Kimi K2.6
Overview
Kimi K2.6 is Moonshot AI's open-weight multimodal model, released on April 20, 2026. It is the third K2-class model in nine months, following K2 and K2.5. Built on a 1-trillion-parameter Mixture-of-Experts architecture with 32 billion active parameters per token, K2.6 combines native multimodal input, advanced agent swarm orchestration, and strong coding performance.
Key Features
- Native Multimodal Architecture: Supports text, image, and video input through the custom MoonViT vision encoder. Video input is new in K2.6 and supports mp4, mov, avi, and webm formats.

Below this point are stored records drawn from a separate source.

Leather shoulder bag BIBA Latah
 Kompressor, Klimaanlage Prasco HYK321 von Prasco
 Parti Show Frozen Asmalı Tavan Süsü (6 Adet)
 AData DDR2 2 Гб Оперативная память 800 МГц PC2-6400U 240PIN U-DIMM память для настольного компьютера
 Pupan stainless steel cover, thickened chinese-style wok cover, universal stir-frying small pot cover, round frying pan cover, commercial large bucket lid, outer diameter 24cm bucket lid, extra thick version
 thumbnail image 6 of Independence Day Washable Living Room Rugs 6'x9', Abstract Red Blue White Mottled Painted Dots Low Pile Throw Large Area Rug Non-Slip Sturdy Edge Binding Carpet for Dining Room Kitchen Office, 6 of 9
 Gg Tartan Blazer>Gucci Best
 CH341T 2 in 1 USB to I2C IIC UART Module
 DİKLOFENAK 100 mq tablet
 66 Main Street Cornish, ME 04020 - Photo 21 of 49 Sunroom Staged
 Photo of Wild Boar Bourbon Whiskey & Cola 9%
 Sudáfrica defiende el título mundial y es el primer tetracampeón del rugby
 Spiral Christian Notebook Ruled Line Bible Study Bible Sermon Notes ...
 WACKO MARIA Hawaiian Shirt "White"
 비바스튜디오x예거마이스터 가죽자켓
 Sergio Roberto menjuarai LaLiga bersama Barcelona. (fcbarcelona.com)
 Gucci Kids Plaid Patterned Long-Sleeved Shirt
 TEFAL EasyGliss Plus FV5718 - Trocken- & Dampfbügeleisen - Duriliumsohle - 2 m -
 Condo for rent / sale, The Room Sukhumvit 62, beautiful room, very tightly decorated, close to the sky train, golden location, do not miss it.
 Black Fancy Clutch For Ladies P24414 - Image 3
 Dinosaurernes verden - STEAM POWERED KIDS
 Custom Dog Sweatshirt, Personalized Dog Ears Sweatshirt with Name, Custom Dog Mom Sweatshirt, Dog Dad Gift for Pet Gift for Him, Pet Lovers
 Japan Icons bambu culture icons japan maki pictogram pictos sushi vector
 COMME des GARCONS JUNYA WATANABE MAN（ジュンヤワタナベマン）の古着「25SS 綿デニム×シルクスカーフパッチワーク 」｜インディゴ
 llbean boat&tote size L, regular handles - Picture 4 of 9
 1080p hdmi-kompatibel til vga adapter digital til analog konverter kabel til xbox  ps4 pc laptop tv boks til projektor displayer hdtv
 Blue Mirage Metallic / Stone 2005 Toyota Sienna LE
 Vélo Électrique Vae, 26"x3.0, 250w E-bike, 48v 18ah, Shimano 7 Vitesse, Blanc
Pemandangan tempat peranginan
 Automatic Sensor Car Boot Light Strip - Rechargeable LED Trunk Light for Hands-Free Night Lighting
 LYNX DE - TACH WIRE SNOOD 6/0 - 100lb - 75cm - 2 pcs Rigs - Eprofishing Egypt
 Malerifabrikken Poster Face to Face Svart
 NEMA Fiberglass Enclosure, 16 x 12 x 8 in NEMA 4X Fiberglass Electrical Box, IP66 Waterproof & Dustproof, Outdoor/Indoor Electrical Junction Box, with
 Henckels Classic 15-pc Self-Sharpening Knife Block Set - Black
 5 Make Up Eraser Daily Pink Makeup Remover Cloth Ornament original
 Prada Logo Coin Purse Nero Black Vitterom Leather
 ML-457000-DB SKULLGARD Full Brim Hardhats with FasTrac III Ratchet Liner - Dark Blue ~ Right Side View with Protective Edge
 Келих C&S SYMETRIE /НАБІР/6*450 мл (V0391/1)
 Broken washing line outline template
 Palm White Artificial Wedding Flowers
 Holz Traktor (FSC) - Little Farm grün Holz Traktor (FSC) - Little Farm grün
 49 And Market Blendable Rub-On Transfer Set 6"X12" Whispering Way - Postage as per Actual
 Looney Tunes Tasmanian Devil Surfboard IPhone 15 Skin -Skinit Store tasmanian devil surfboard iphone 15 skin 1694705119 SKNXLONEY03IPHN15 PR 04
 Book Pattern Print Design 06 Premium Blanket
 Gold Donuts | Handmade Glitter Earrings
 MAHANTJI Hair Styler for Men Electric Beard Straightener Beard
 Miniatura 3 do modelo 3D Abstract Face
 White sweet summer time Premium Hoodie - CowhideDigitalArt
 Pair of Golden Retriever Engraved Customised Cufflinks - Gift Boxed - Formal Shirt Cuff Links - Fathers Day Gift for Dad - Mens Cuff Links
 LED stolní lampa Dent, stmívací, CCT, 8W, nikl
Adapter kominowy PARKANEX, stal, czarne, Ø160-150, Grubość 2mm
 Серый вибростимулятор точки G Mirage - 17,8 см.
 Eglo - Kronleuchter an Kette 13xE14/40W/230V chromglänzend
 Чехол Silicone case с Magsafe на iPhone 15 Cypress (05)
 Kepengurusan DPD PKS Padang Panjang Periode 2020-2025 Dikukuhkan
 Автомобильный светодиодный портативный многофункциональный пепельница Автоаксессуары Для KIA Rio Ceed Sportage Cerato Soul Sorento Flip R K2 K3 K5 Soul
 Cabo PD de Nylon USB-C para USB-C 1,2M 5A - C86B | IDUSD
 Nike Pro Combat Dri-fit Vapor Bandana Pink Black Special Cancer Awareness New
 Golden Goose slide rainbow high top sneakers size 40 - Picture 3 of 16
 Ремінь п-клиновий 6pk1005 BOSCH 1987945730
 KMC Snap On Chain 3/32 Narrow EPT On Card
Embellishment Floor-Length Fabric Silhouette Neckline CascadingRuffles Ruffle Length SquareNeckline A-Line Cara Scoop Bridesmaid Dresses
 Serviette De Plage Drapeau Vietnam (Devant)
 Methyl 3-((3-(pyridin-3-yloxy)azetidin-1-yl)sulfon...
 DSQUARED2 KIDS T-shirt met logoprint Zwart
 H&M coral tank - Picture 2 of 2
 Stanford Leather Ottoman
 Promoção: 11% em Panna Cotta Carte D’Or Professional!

- Agent Swarm Orchestration: Supports up to 300 concurrent sub-agents per task and 4,000 coordinated steps, with a 96.6% tool-invocation success rate, up from 91% on K2.5.
- Coding Performance: Achieves SWE-Bench Pro 58.6%, SWE-bench Verified 80.2%, LiveCodeBench v6 89.6%, and Terminal-Bench 2.0 66.7%.
- Modified MIT License: Open weights are available on Hugging Face and are free for commercial use below 100M MAU or $20M monthly revenue.
Best Use Cases
- End-to-End Coding & UI Generation: Well suited for transforming prompts and visual inputs into production-ready interfaces and lightweight full-stack workflows across Python, Rust, and Go.
- Multi-Agent Systems: The 300-agent swarm capacity with 4,000-step coordination makes it effective for complex autonomous workflows that require long-context stability.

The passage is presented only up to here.